=== HOW TO COMPLETE THIS TASK ===
Go to the line with "ALS Z80 CARD" in the records below, then output it and each following line exactly, up to and including the line with "Trofast kastjes/ meubel, Huis". Skip pictures and add nothing.
##### ENTRIES SUPPLIED #####
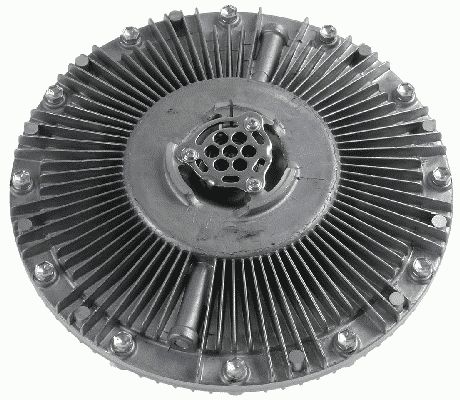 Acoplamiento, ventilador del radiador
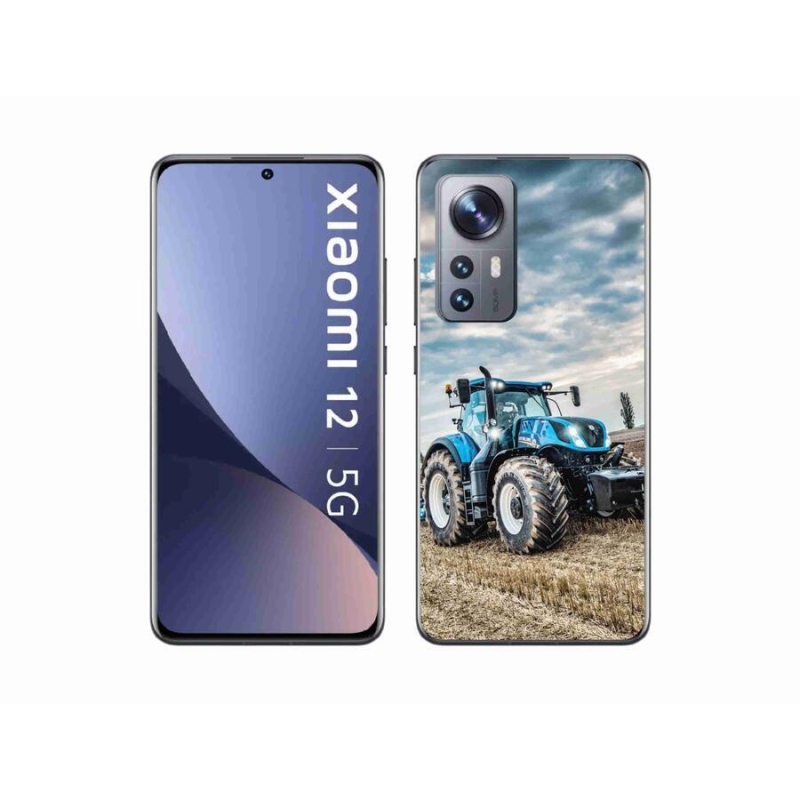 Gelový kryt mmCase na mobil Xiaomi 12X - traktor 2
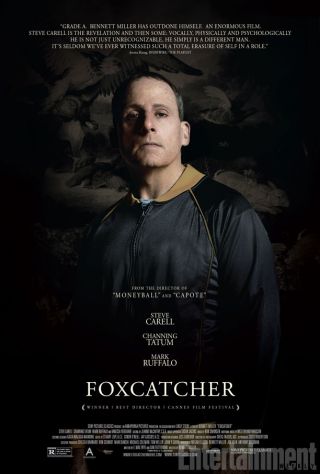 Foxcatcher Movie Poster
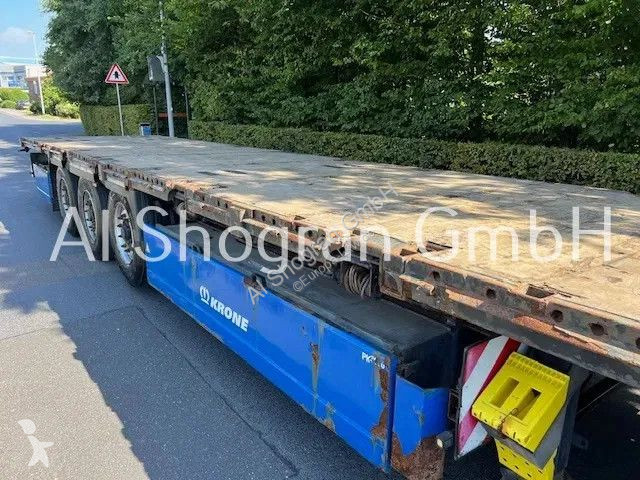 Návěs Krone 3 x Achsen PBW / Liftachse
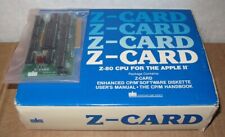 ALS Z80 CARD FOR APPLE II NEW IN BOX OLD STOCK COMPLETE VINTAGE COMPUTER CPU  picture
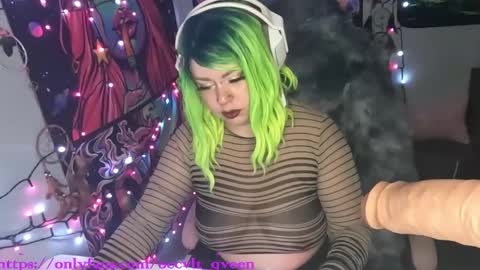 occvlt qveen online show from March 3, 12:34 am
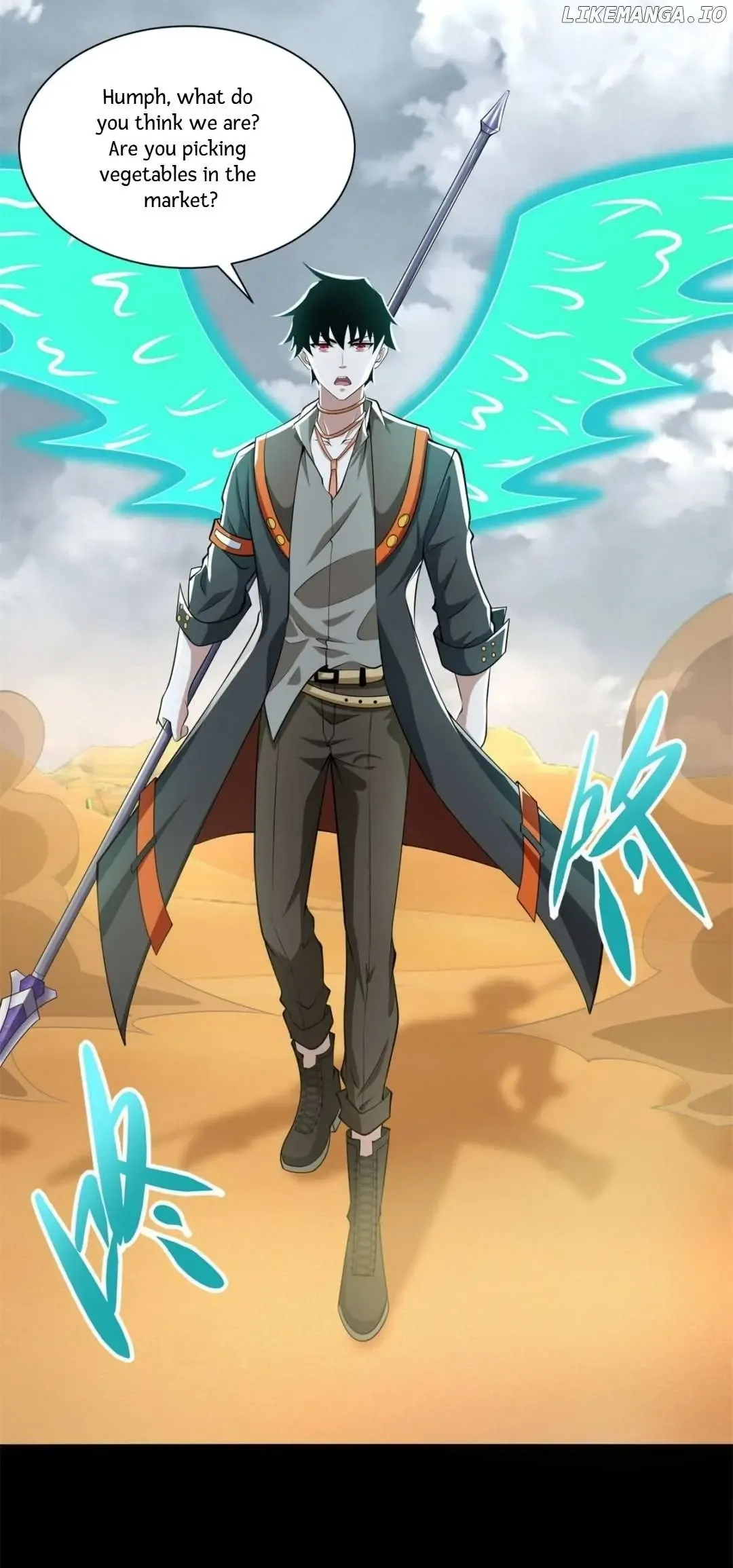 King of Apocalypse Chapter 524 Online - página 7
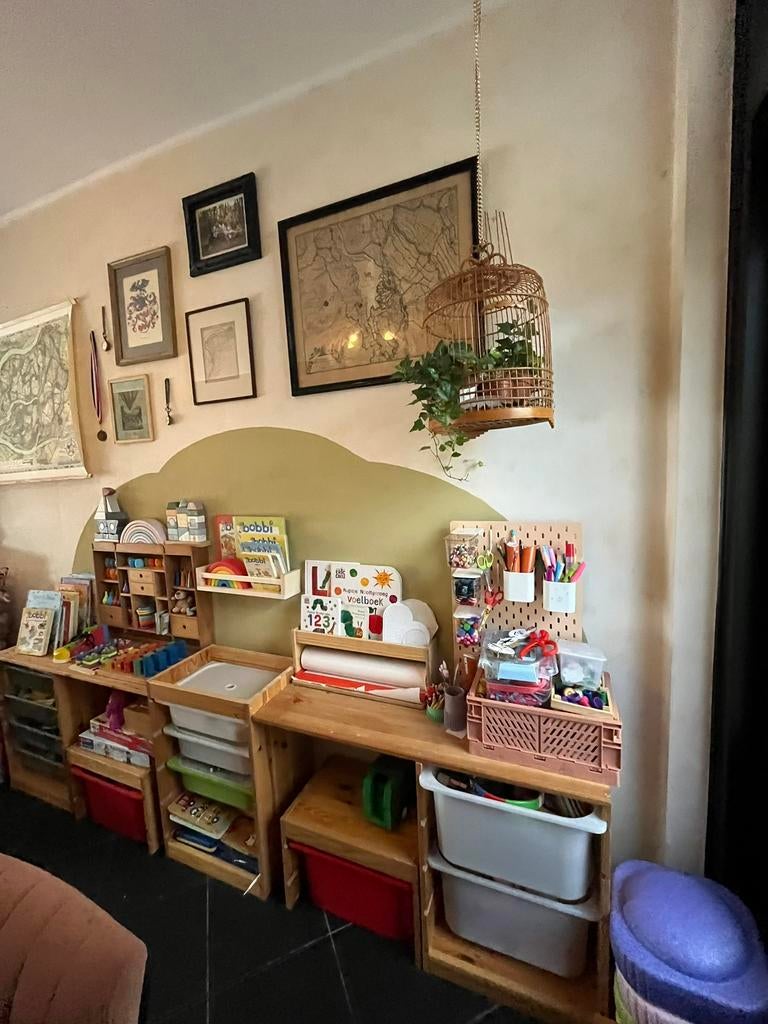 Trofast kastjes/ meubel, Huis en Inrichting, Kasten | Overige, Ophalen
#####
##### ENTRIES SUPPLIED #####
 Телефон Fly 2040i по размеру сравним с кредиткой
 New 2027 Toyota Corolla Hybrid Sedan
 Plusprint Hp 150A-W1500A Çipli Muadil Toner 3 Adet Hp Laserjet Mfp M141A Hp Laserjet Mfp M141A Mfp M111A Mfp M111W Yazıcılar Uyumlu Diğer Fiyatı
#####
##### ENTRIES SUPPLIED #####
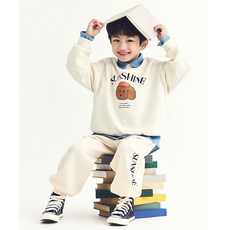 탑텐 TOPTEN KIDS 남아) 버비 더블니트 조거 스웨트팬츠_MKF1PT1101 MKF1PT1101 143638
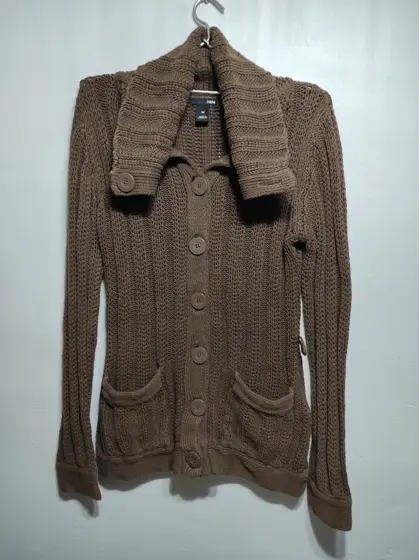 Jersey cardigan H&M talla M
#####
=== EXERCISE RESULT ===
 ALS Z80 CARD FOR APPLE II NEW IN BOX OLD STOCK COMPLETE VINTAGE COMPUTER CPU  picture
 occvlt qveen online show from March 3, 12:34 am
 King of Apocalypse Chapter 524 Online - página 7
 Trofast kastjes/ meubel, Huis en Inrichting, Kasten | Overige, Ophalen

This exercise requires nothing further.